From: Tim Hockin <thockin@hockin.org>
To: Roman Gushchin <guro@fb.com>
Cc: Michal Hocko <mhocko@kernel.org>,
Johannes Weiner <hannes@cmpxchg.org>, Tejun Heo <tj@kernel.org>,
kernel-team@fb.com, David Rientjes <rientjes@google.com>,
linux-mm@kvack.org, Vladimir Davydov <vdavydov.dev@gmail.com>,
Tetsuo Handa <penguin-kernel@i-love.sakura.ne.jp>,
Andrew Morton <akpm@linux-foundation.org>,
Cgroups <cgroups@vger.kernel.org>,
linux-doc@vger.kernel.org,
"linux-kernel@vger.kernel.org" <linux-kernel@vger.kernel.org>
Subject: Re: [v8 0/4] cgroup-aware OOM killer
Date: Wed, 27 Sep 2017 11:11:42 -0700 [thread overview]

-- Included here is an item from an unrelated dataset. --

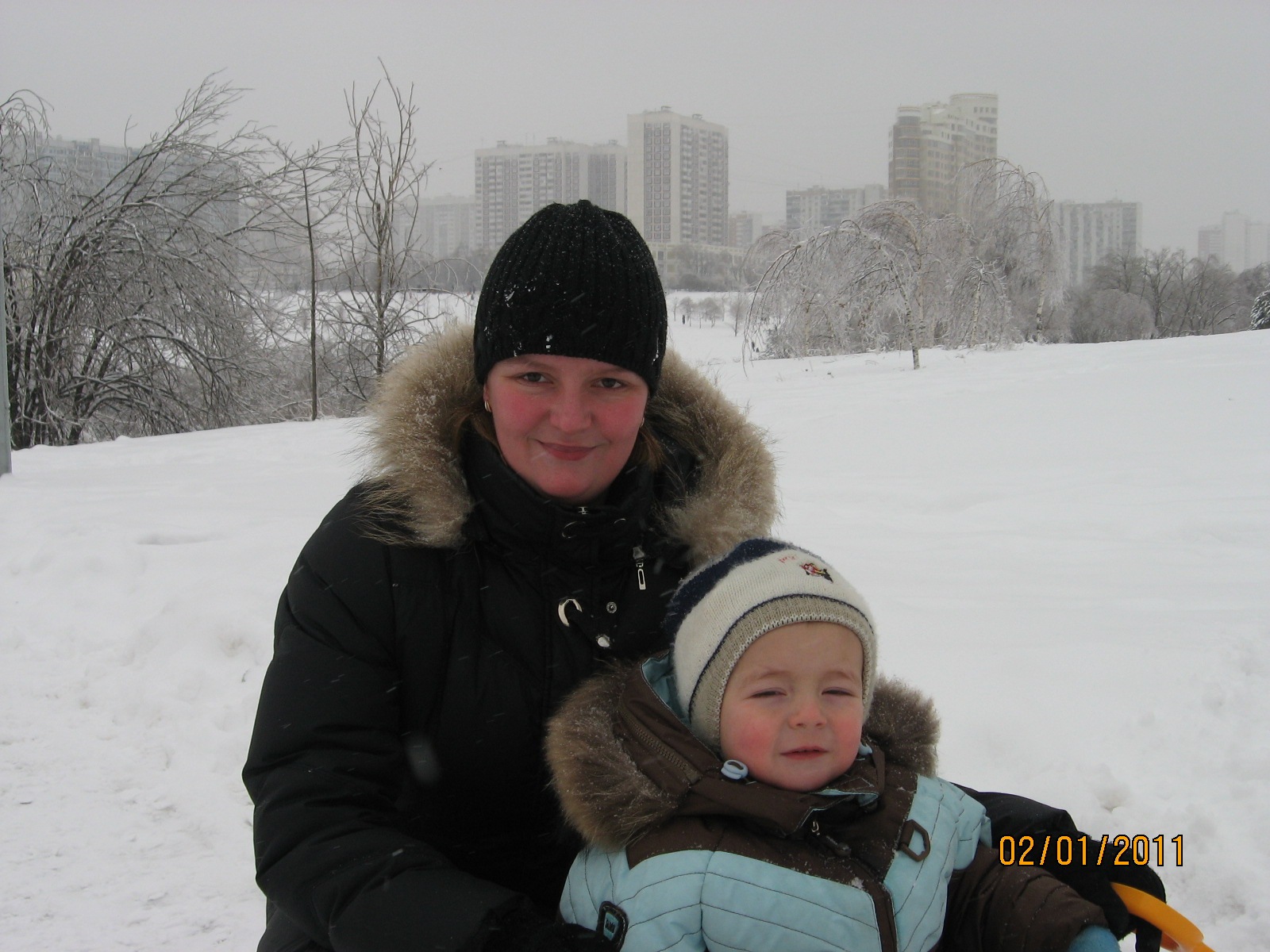 Фото профиля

Message-ID: <CAAAKZwtApj-FgRc2V77nEb3BUd97Rwhgf-b-k0zhf1u+Y4fqxA@mail.gmail.com> (raw)
In-Reply-To: <20170927162300.GA5623@castle.DHCP.thefacebook.com>
On Wed, Sep 27, 2017 at 9:23 AM, Roman Gushchin <guro@fb.com> wrote:
> On Wed, Sep 27, 2017 at 08:35:50AM -0700, Tim Hockin wrote:
>> On Wed, Sep 27, 2017 at 12:43 AM, Michal Hocko <mhocko@kernel.org> wrote:
>> > On Tue 26-09-17 20:37:37, Tim Hockin wrote:
>> > [...]
>> >> I feel like David has offered examples here, and many of us at Google
>> >> have offered examples as long ago as 2013 (if I recall) of cases where
>> >> the proposed heuristic is EXACTLY WRONG.
>> >
>> > I do not think we have discussed anything resembling the current
>> > approach. And I would really appreciate some more examples where
>> > decisions based on leaf nodes would be EXACTLY WRONG.
>> >
>> >> We need OOM behavior to kill in a deterministic order configured by
>> >> policy.
>> >
>> > And nobody is objecting to this usecase. I think we can build a priority
>> > policy on top of leaf-based decision as well. The main point we are
>> > trying to sort out here is a reasonable semantic that would work for
>> > most workloads. Sibling based selection will simply not work on those
>> > that have to use deeper hierarchies for organizational purposes. I
>> > haven't heard a counter argument for that example yet.
>>
>
> Hi, Tim!
>
>> We have a priority-based, multi-user cluster. That cluster runs a
>> variety of work, including critical things like search and gmail, as
>> well as non-critical things like batch work. We try to offer our
>> users an SLA around how often they will be killed by factors outside
>> themselves, but we also want to get higher utilization. We know for a
>> fact (data, lots of data) that most jobs have spare memory capacity,
>> set aside for spikes or simply because accurate sizing is hard. We
>> can sell "guaranteed" resources to critical jobs, with a high SLA. We
>> can sell "best effort" resources to non-critical jobs with a low SLA.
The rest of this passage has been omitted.